Müzenin kurulmasında görev alan ESOGÜ Fen Edebiyat Fakültesi Tarih Bölümünden emekli öğretim üyesi Dr. Cezmi Karasu, AA muhabirine, Devrim’i üreten Demiryolları Fabrikasının çırak okuluna 1 Eylül 1970 yılında öğrenci olarak girdiğini belirterek, üniversiteden önce 24 yıl boyunca burada görev yaptığını söyledi.
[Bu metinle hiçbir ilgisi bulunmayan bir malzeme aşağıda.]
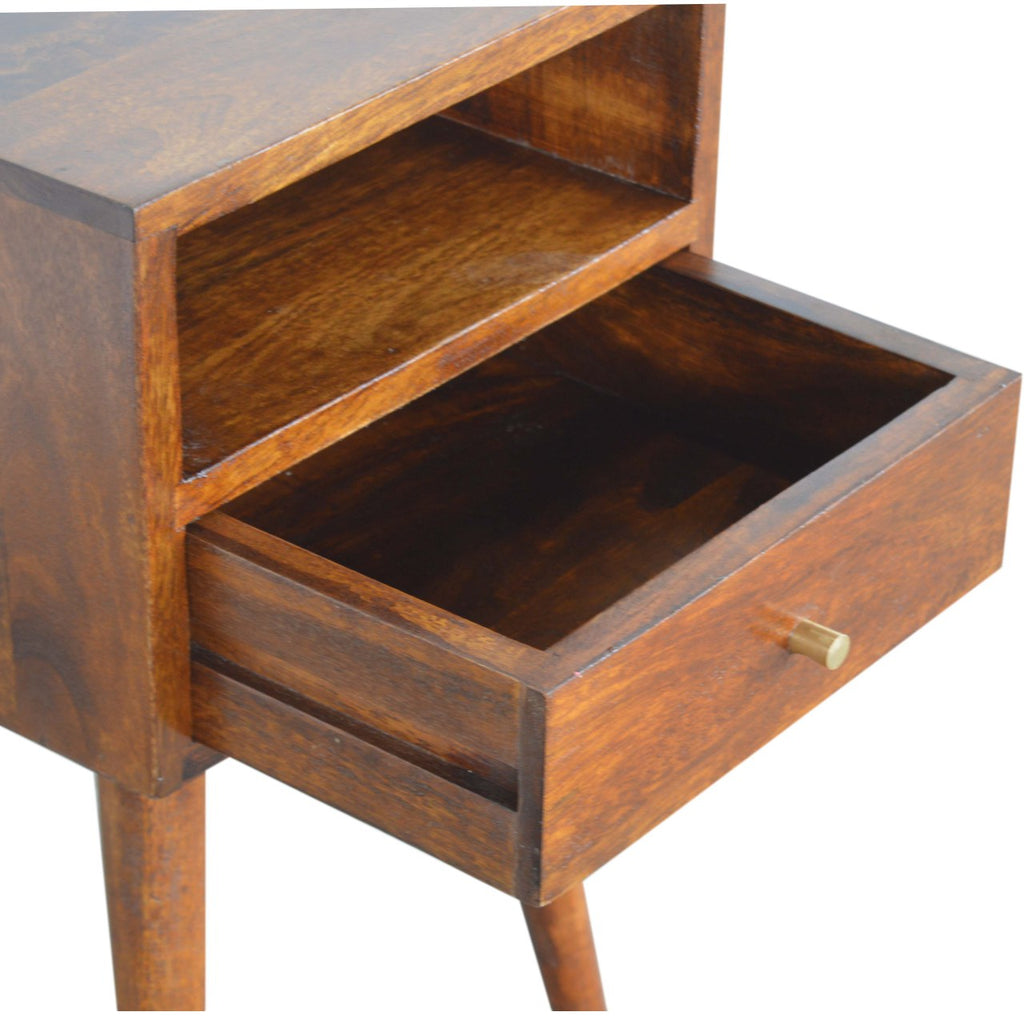 Solid Wood Mini Nightstand with 1 Drawer and Open Slot - Chestnut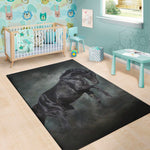 Black Stallion Horse Print Area Rug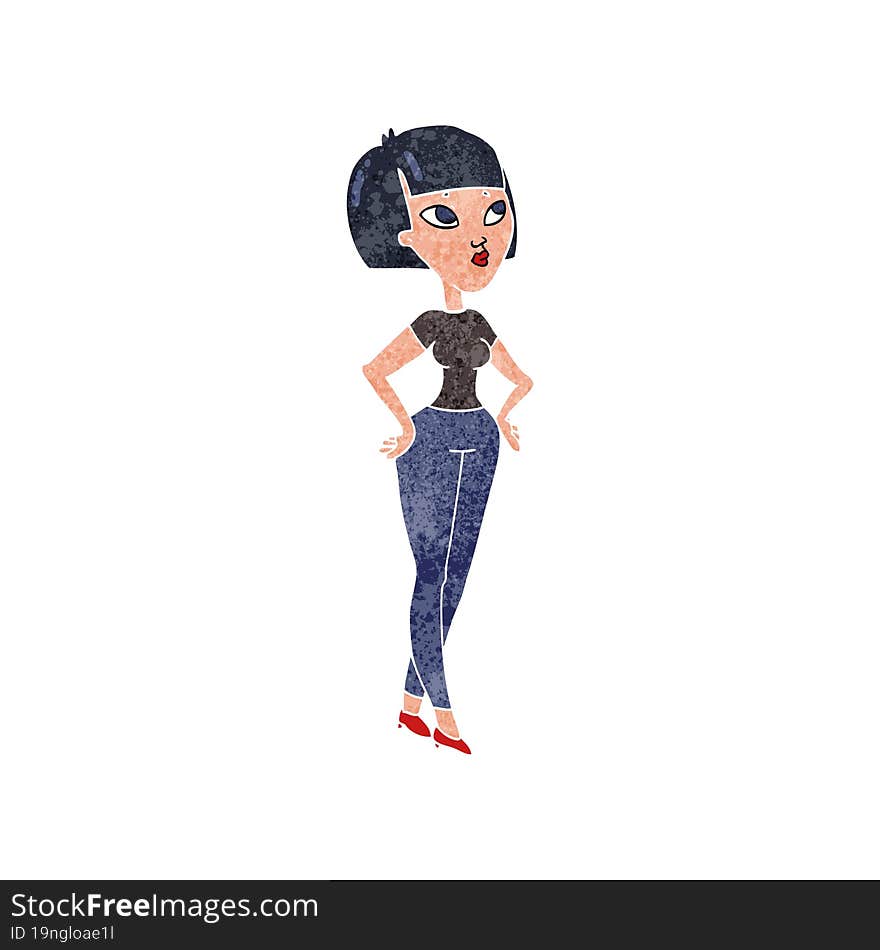 retro cartoon woman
Devrim’in yapımına yetişemediğini ancak teknik resim derslerini otomobili çizen mühendislerden aldığını anlatan Karasu, şöyle konuştu:
“Devrim projesinde çalışanlarla aynı ortamda bulunma şansını yakaladım. Bu fabrikanın duvarları içinde Devrim’i yapan ustaların sahip olduğu ruh bizlere de öğretildi. Seri imalata geçemediği için yarım kalmış bir proje gibi görünse de fabrika burada üzerine düşeni yapmıştır. Bu fabrikada hiçbir iş yarım kalmaz. 2017 eylül ayının sonundan itibaren Devrim Otomobili Müzesi’nin tasarımına başladık. 24 Nisan 2018’de ziyarete açtık. Daha sonra resmi müze statüsünü kazandı. Bahçe ve bina içi olmak üzere iki ayrı ünitede hizmet veriyor.”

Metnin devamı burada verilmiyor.